Andreas après une session de formation des éleveurs de Po.
Lors des formations, plusieurs signes de transformation s’opèrent visiblement auprès des participants.
Récemment, un confrère de la communauté s’y est lancé pour la première fois. Quand je suis revenu en communauté, il m’a raconté, très enthousiasmé, son expérience vécue avec des étudiants de l’université de Koudougou : Les jeunes étaient accrochés. Les dessins montrés facilitaient la prise de parole de tous. Les thèmes développés dans les fascicules rejoignaient le vécu quotidien des jeunes.
Effectivement, le contenu de chaque fascicule a pour but de toucher personnellement les participants. À travers les formations proposées, un processus de transformation est déclenché. Ceci touche la personne même : son comportement, son attitude et ses points de vue. En même temps, ceci influence le vivre ensemble, l’interaction entre les personnes. Lors des formations, plusieurs signes de transformation s’opèrent visiblement auprès des participants.

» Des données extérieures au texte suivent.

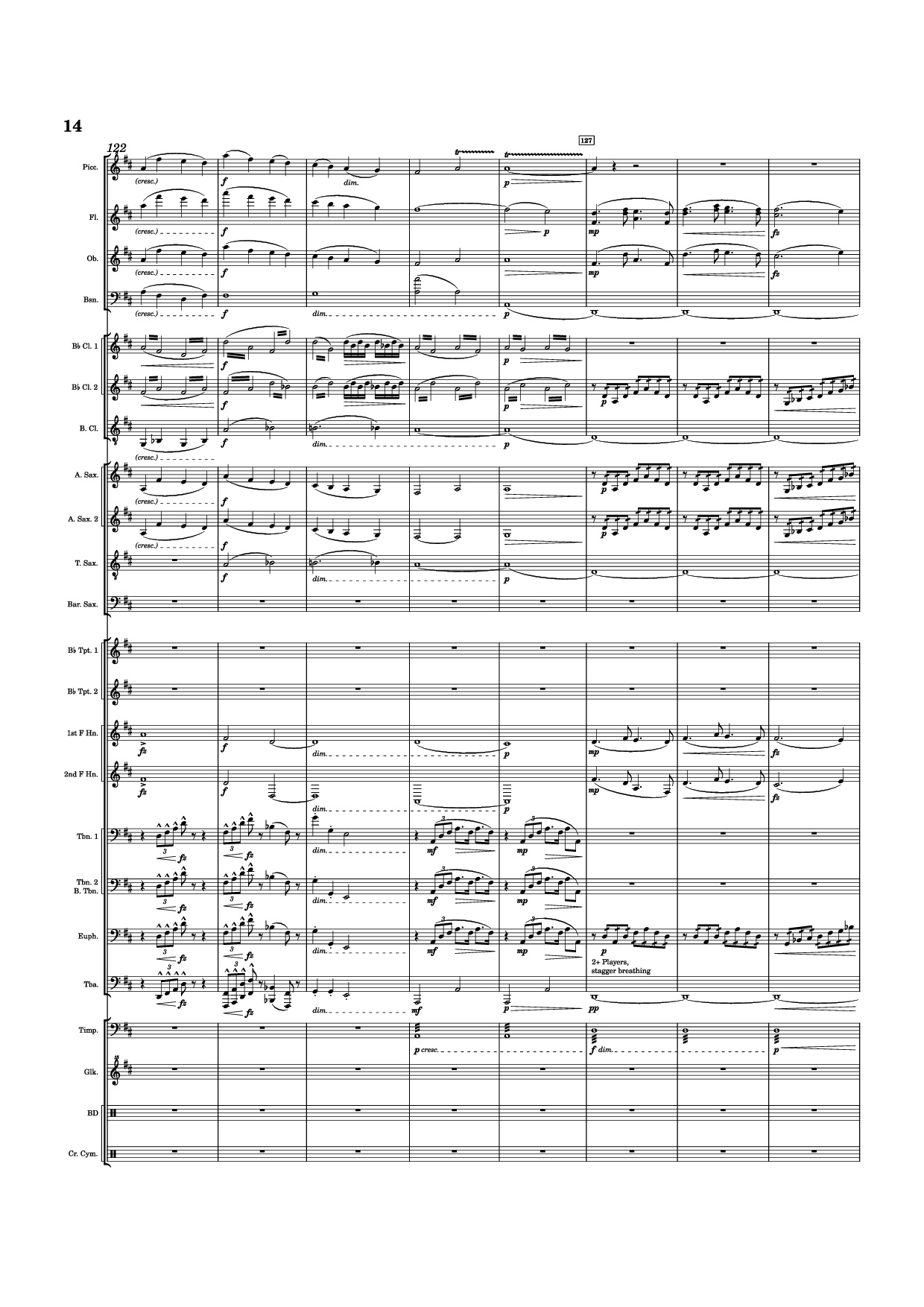 Page 14 of Sheet music PDF Dvorak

En janvier passé, le centre de formation des catéchistes du diocèse de Kaya m’a invité à donner une session sur la gestion et la prévention des conflits. Je me suis trouvé devant une soixantaine de personnes, en grande partie des couples, qui se préparent pendant 4 ans à devenir catéchistes.
Le programme de la session a été réalisé en 3 jours. Chaque matin, j’ai abordé personnellement le contenu de trois fascicules en m’appuyant sur un traducteur. Dans l’après-midi, c’était le tour de quelques participants qui ont pris le rôle de l’animateur. En petits groupes, ils ont repris le contenu de chaque fascicule. Cette fois-ci, tout se passait directement en langue mooré. À l’aide de la pratique, de l’observation et de l’évaluation commune, les participants se sont de plus en plus initiés à l’utilisation de ces documents pédagogiques. Plus encore, tous ont pu mieux assimiler les thèmes sur la prévention des conflits. Le directeur du centre a l’intention de remettre aux élèves sortants tous les fascicules de la collection. Le but est que ces hommes et femmes deviennent à leur tour des animateurs sur la prévention des conflits dans leur propre village et dans les lieux de leur mission.

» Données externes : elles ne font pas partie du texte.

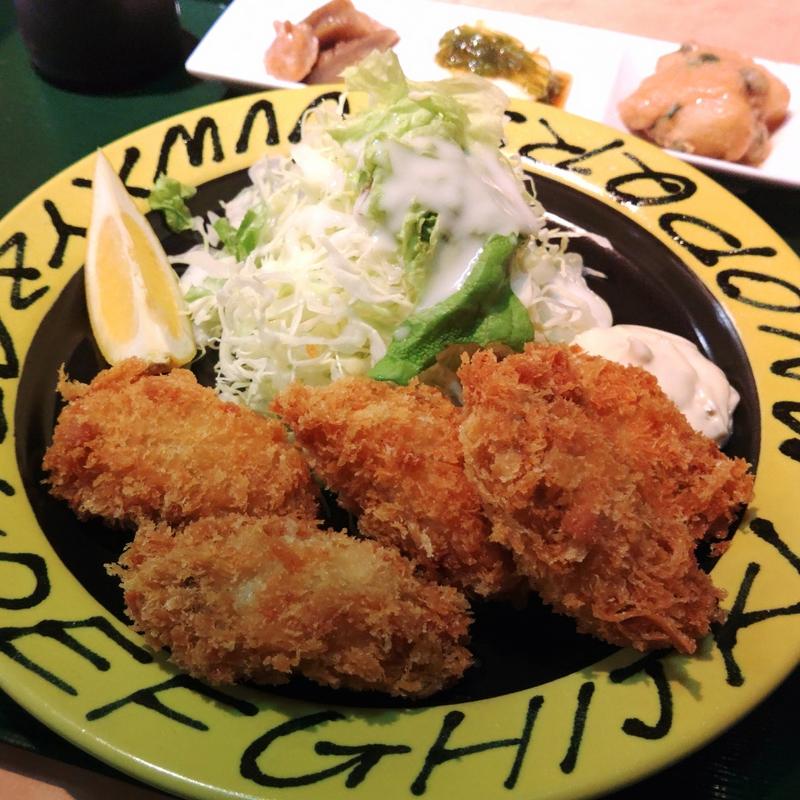 広島産カキフライ定食(ぱまろ)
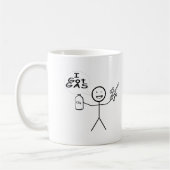 Ich Got Gas Kaffeetasse (Links)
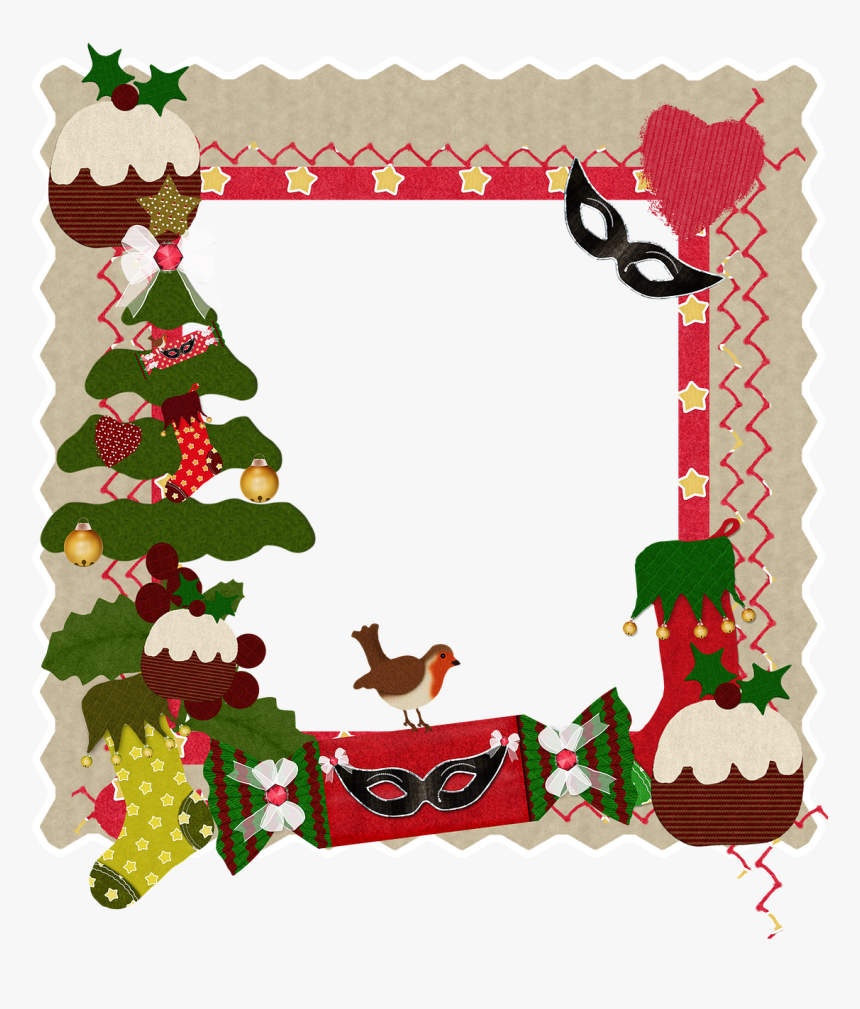 Christmas Frame Heart Card Png Image - Marco De Selfie Navideño, Transparent Png, Free Download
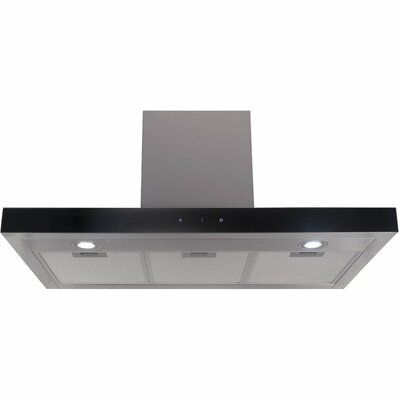 electriQ EIQ90TOUCHSLIMHEA 90cm Stainless Steel Slimline Touch Control Cooker Hood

Ces exemples ne sont que deux cas concrets de ce qui est réalisable dans la prévention des conflits. Beaucoup de personnes et de groupes s’intéressent actuellement à la gestion et à la prévention des conflits. Le champ d’apostolat est immense et vaste. À ma surprise, mon engagement en faveur de la prévention des conflits me met en contact avec beaucoup de personnes d’autres religions et d’autres confessions religieuses. Ensemble, nous œuvrons pour la cohésion sociale et pour la paix.
J’aimerais conclure avec deux convictions qui m’animent dans mon travail actuel et qui me donnent de l’espoir dans ce que je fais. Il s’agit d’abord d’un extrait du préambule de la charte de l’UNESCO : “Les guerres commencent dans le cœur de l’homme, c’est dans le cœur de l’homme que doit commencer la paix”. Et pour terminer une citation qui m’accompagne depuis plusieurs années : “Là où il y a beaucoup de petites gens, dans beaucoup de petits lieux, qui font beaucoup de petites choses, le monde changera !”. Oui, continuons ensemble à œuvrer pour la paix dans ce monde si éprouvé par la violence.